On a recent visit to a self-storage facility, I encountered a manager who left me shaking my head. As I approached the office and looked through the window, I could see a pair of boots on the front desk, attached to some ragged old jeans. I thought, “Hmmm ... The maintenance guy must be taking a break in the office.”
As I entered the office, I noticed two, ah, gentlemen behind the counter. One was watching TV, and the other appeared to be doing bookwork. With no phones ringing, a TV blaring, and no other customers around, the “boots on the counter” guy asked me if I could hang on a minute.
Perhaps the president was buying another industry or something, and I just didn’t get the memo. After a minute or so, and some light conversation, I learned the guy doing bookwork was the owner, and “boots” was his son, the manager. Are you serious?
It’s amazing the number of owners out there who operate with little more sophistication than a lemonade stand. Complacent managers and distracted owners translate to weakening bottom lines. Can you make money that way?

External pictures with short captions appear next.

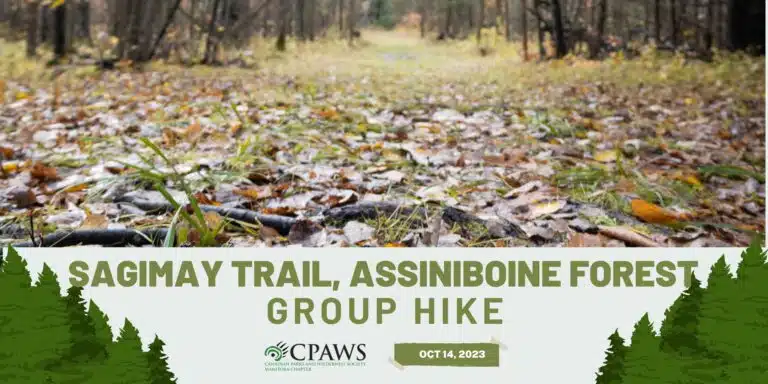CPAWS Manitoba Group Hike through Assiniboine Forest hosted in October 2023.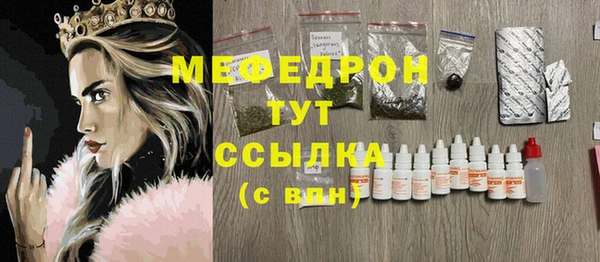 индика Алексин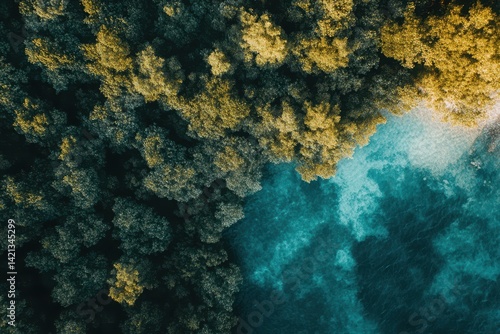 Aerial view of lush forest meeting a turquoise, crystal-clear water body.  A vibrant mix of greens and yellows on the forested area contrast with the deep teal of the water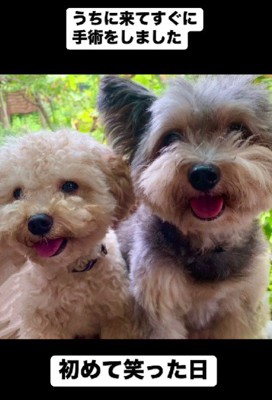 スノーちゃんとの出会い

A lot of self-storage owners have for many years. Keep expenses low and hope for the best. But that’s not good business, and as we all know from recent experience, the best is not bankable. If you want your business to be profitable in the long term, you’d better get serious now. Otherwise, you’ll lose.
Developers, owners and managers should look for better efficiencies, tactical marketing initiatives, and ways to sharpen their competitive edge, no matter what stage of the self-storage life cycle they’re in—development, startup, leaseup, stabilization or sale. The key is to get serious about your business. This article targets the self-storage owner, who always holds the keys to success or failure.
Exercise and Strengthen
No matter how good you’re doing, you can get better. And when you’re struggling, there are probably opportunities being overlooked. The whole point of opening our doors every day is to make a profit, not just pay the bills. Focus on being profitable because it’s good for you and good for our industry as a whole.